(Source material Opens)

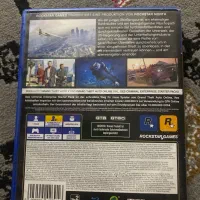 دیسک بازی GTA V 5|کنسول، بازی ویدئویی و آنلاین|مشهد, ابوذر|دیوار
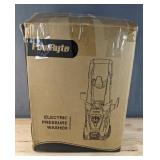 New Electric Pressure Washer, Foam Cannon, 4 Different Pressure Tips, Power Washer, 3800 PSI 2.4 GPM $179.99 Retail *B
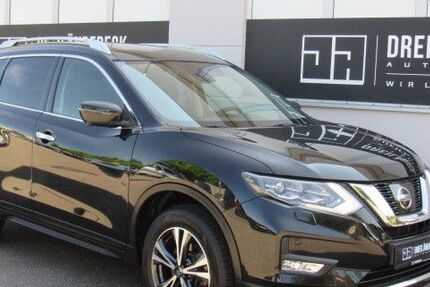 Nissan X-Trail 119.889 km 16.490 &euro; Lörrach 79540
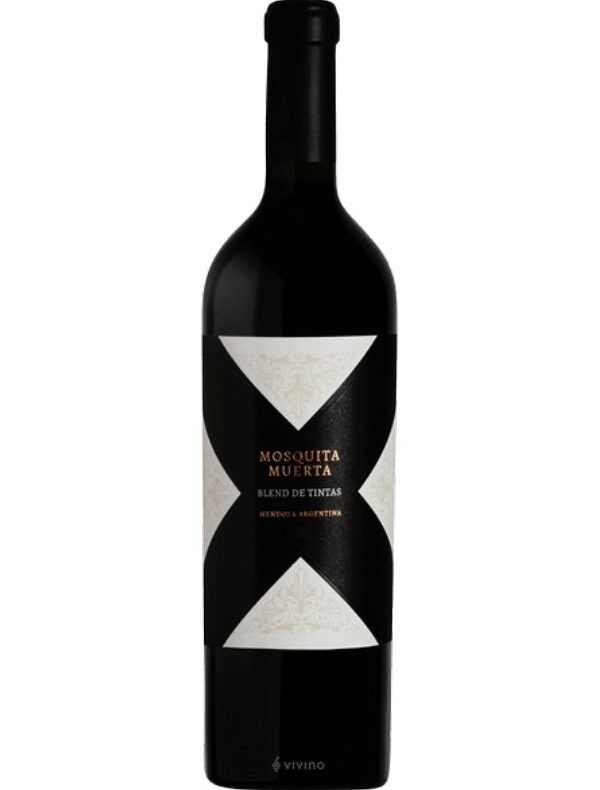 MOSQUITA MUERTA BLEND DE TINTAS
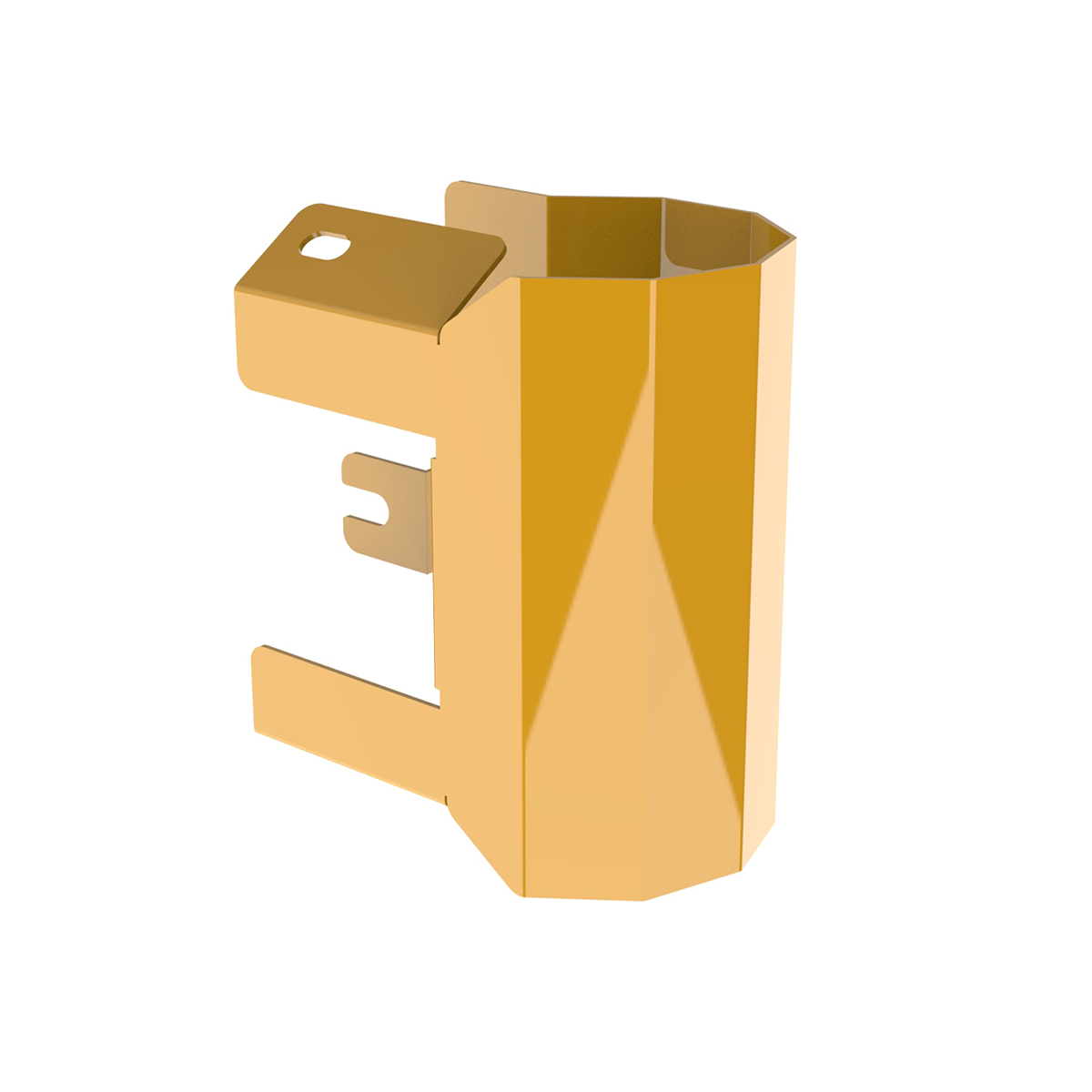 Barrier Bull Nose End Cap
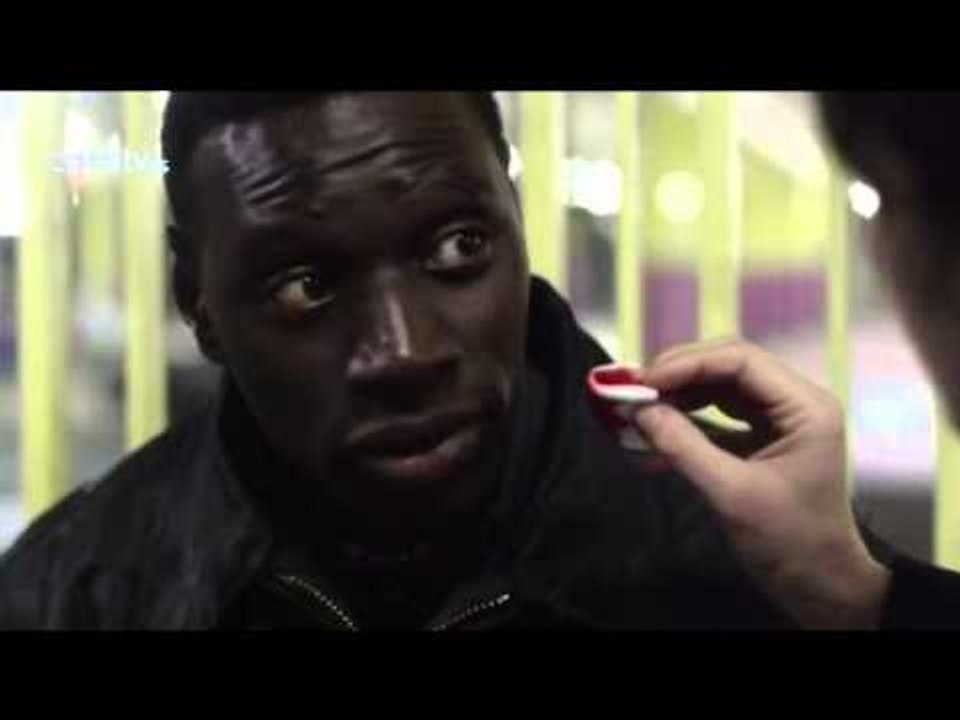 Estrenos de Cartelera: La robótica de "Ex Machina" y la comedia francesa "Samba" llegan a los cines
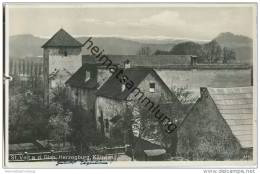 St. Veit A. D. Glan - Herzogburg - Foto-AK - St. Veit An Der Glan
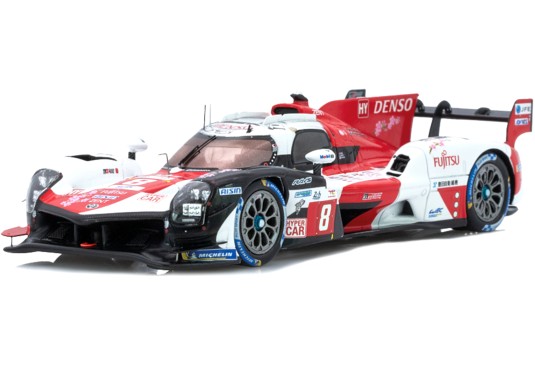 1/43 TOYOTA GR010 Hybrid...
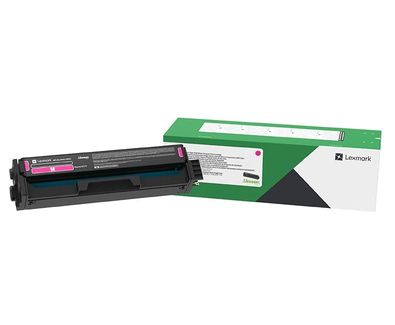 TONER LEXMARK  MAGENTA RETURN (6.7K PAG.)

(Source material Closes)

Copy out every entry above, character for character, excluding pictures.

(Solution to the exercise)
 دیسک بازی GTA V 5|کنسول، بازی ویدئویی و آنلاین|مشهد, ابوذر|دیوار
 New Electric Pressure Washer, Foam Cannon, 4 Different Pressure Tips, Power Washer, 3800 PSI 2.4 GPM $179.99 Retail *B
 Nissan X-Trail 119.889 km 16.490 &euro; Lörrach 79540
 MOSQUITA MUERTA BLEND DE TINTAS
 Barrier Bull Nose End Cap
 Estrenos de Cartelera: La robótica de "Ex Machina" y la comedia francesa "Samba" llegan a los cines
 St. Veit A. D. Glan - Herzogburg - Foto-AK - St. Veit An Der Glan
 1/43 TOYOTA GR010 Hybrid...
 TONER LEXMARK  MAGENTA RETURN (6.7K PAG.)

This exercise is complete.